Leyendo a Epstein, uno comprende su ascendiente sobre Deleuze y Godard, es decir, sobre dos de los mejores defensores del cine como pensamiento. También, claro está, el vínculo poderoso y subterráneo que relacionaría la modernidad cinematográfica de mediados de los 50 con la histórica que inaugurara el XX, siglo de las máquinas, las vanguardias y las guerras globales. Y si la Nouvelle Vague se sentiría más tarde a la mitad de la vida del cine, y por lo tanto estrenando una determinada memoria sobre su pasado, Epstein, poco después de clausurada la Segunda Guerra Mundial, ya se dedicaba aquí a desentrañar y deletrear esa "lección secreta" transhistórica que había viajado de matute en todas las transformaciones del cine, de juguete científico y pasatiempo de laboratorio a fenómeno de feria, de perfeccionamiento de la linterna mágica a contador de historias o "bufón público". Para el director de hitos como El hundimiento de la casa Usher, Coeur fidèle, Finis Terrae o Le tempestaire, el cine gramatical-industrial-representativo que había fijado una norma, una cierta estandarización y una expectativa en la audiencia, no era del todo desdeñable, pues había sido clave en la popularización del invento, pero estimaba que su todopoderosa vigencia echaba sus primeras y más profundas raíces en un antinatural borrado de las potencialidades del cinematógrafo, la máquina diabólica bajo el fenómeno "Cine". Epstein arranca este decisivo opúsculo abriendo un proceso en el que el cinematógrafo se declara culpable de sus tratos con el demonio, una bella artimaña metafórica que le sirve para traer a primer plano su ontología, una que el francés hace recaer principalmente en la flexibilidad del espacio y tiempo cinematográficos, fuerzas que abanderan el obsequio de un universo fluido y "metalógico" al que nuestros sentidos no pueden acceder en el mundo real a no ser en los márgenes, en el sueño, en el coqueteo irracionalista.

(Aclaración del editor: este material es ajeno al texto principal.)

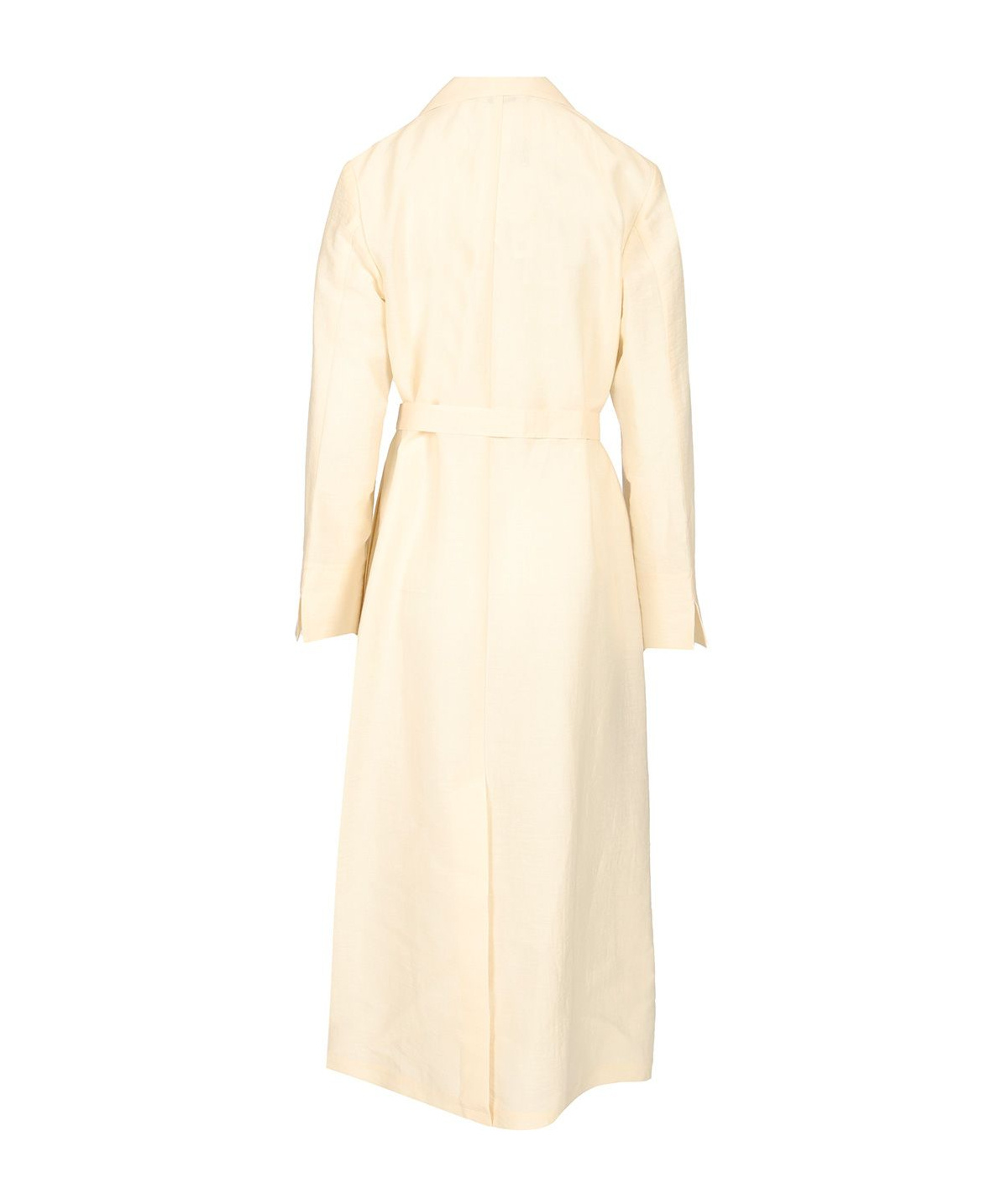 Max Mara Linen And Silk Canvas Overcoat Dresses White In White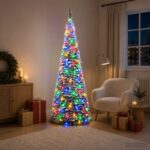 vidaXL Pop-up vianočný stromček s LED 210 cm 200 LED PVC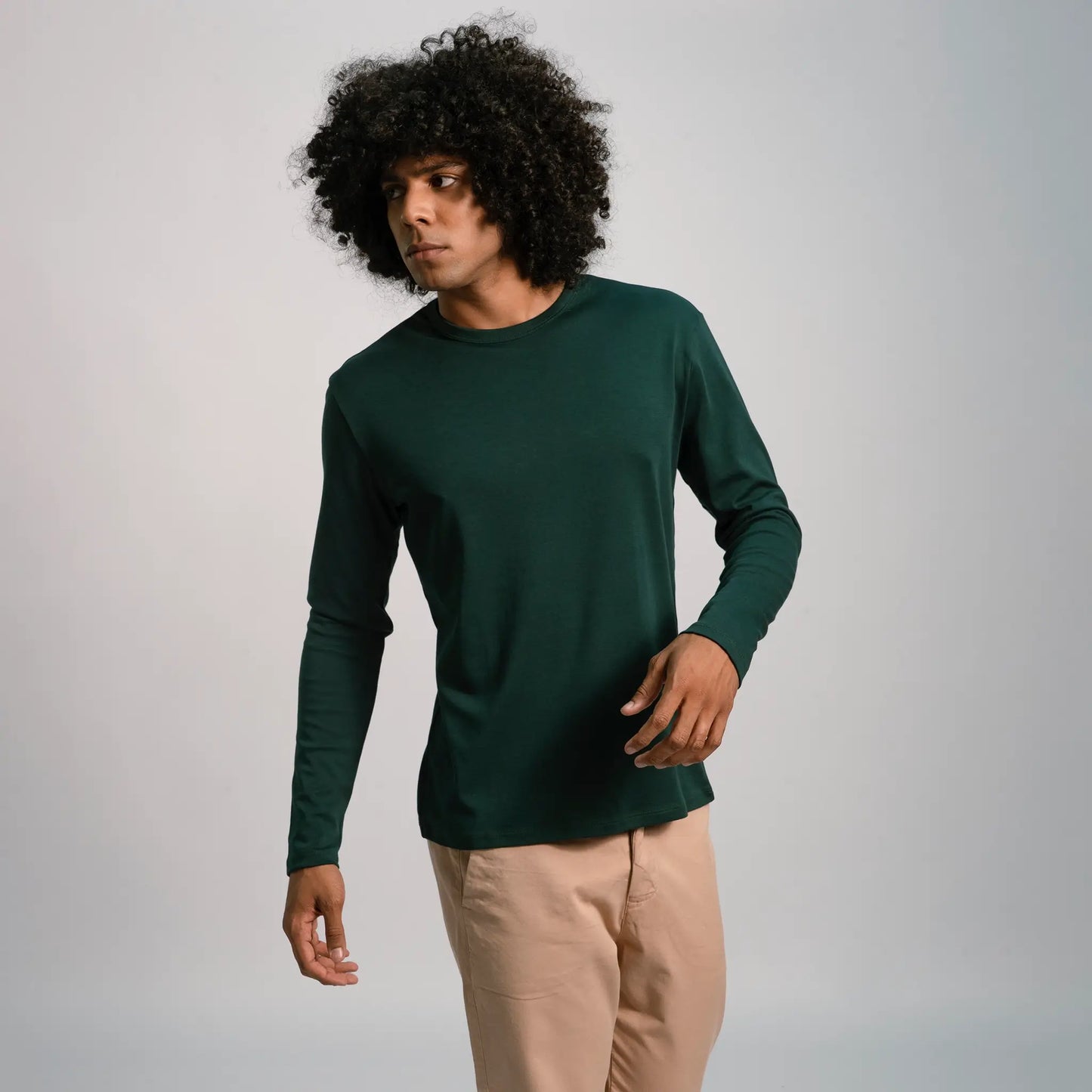 mens low impact dye tshirt long sleeve color dark teal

El cine del diablo se propone, de esta manera, como un recuento de las virtudes de la máquina que registra y ensambla. Las lentes del cine son las que exploran el dominio de lo infinitamente grande -relacionándose en esto con otras aventuras ópticas de la astronomía, esfuerzos en definitiva de una "filosofía del catalejo"- así como de lo microscópico, de lo imperceptible -la tarea de hacer visible lo invisible según los preceptos de una "filosofía de la lupa"-; también las que capturan el movimiento de seres y cosas que luego, durante el montaje y la proyección, se traducirá en una sustancia temporal reversible y manipulable: el mundo de la pantalla -el anti-universo, en su singular vocabulario- "agrandado y reducido a voluntad, acelerado y ralentizado, constituye el dominio por excelencia de lo maleable, de lo viscoso, del líquido". Epstein ve las intrigas del cine narrativo como una vulgarización de la filosofía revolucionaria que sus máquinas subterráneas promueven, la posibilidad del reflejo de una vida mental y sentimental ajena a lo estable, destructora de todo orden y por eso diabólica. Se trata, en resumen, de una concepción relativista que abjura de la creencia en valores fijos o sistemas absolutos y tiene al cine como un ojo especial que colora inefable y moralmente al mundo -de eso versa, dicho con alocada rapidez, el concepto de fotogenia al que el cineasta dedicara tantos maravillosos y alucinados pasajes- para presentar otro que sea capaz de devolver el asombro a nuestra mirada y a nuestro espíritu. El cine, como la naturaleza, era para Epstein esa fuente de sublimidad que nos sacude corrigiendo la penuria de nuestros pensamientos, la mediocridad habitual con la que afrontamos el regalo de vivir.